- _WORK REQUIRED_
Give back all of the data exactly.

(Dataset items)

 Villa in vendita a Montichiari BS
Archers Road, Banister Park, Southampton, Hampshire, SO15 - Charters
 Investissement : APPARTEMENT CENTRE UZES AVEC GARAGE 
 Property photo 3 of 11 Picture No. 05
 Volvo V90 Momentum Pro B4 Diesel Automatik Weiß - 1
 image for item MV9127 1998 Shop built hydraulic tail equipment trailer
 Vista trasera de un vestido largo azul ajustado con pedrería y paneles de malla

- _EXERCISE RESULT_
 Villa in vendita a Montichiari BS
Archers Road, Banister Park, Southampton, Hampshire, SO15 - Charters
 Investissement : APPARTEMENT CENTRE UZES AVEC GARAGE 
 Property photo 3 of 11 Picture No. 05
 Volvo V90 Momentum Pro B4 Diesel Automatik Weiß - 1
 image for item MV9127 1998 Shop built hydraulic tail equipment trailer
 Vista trasera de un vestido largo azul ajustado con pedrería y paneles de malla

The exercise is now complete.